Assigned task: Starting with the line that holds "How's it going, and" and stopping after the line that holds "Welcome everybody to", repeat the lines below word for word, without the pictures.

Records:
↓↓↓

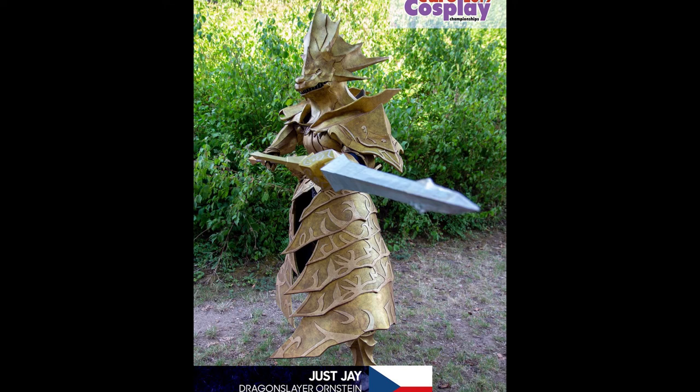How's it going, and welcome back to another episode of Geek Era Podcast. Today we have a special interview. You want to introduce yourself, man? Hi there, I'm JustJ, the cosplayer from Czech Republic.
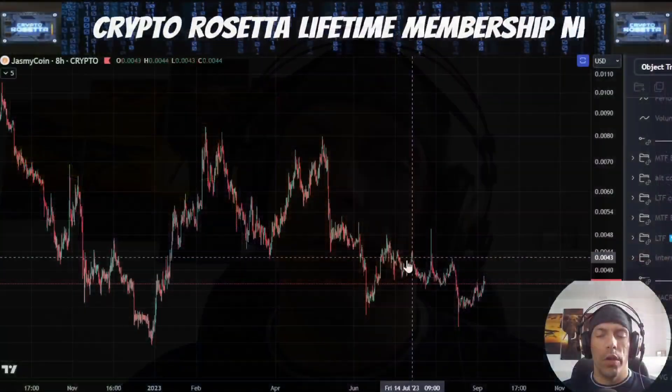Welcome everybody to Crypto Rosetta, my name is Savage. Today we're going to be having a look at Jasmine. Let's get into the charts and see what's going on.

↑↑↑
↓↓↓

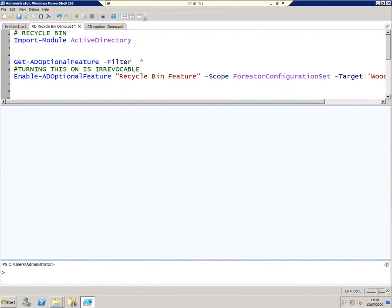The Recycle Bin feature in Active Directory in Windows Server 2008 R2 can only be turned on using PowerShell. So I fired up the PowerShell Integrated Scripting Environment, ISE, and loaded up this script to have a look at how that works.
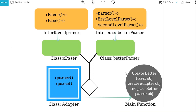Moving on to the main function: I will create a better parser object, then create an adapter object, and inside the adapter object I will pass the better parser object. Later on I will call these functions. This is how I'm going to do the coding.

↑↑↑
↓↓↓

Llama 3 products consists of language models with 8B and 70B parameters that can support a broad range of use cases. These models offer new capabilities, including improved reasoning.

↑↑↑

Solution to this exercise:
How's it going, and welcome back to another episode of Geek Era Podcast. Today we have a special interview. You want to introduce yourself, man? Hi there, I'm JustJ, the cosplayer from Czech Republic.
Welcome everybody to Crypto Rosetta, my name is Savage. Today we're going to be having a look at Jasmine. Let's get into the charts and see what's going on.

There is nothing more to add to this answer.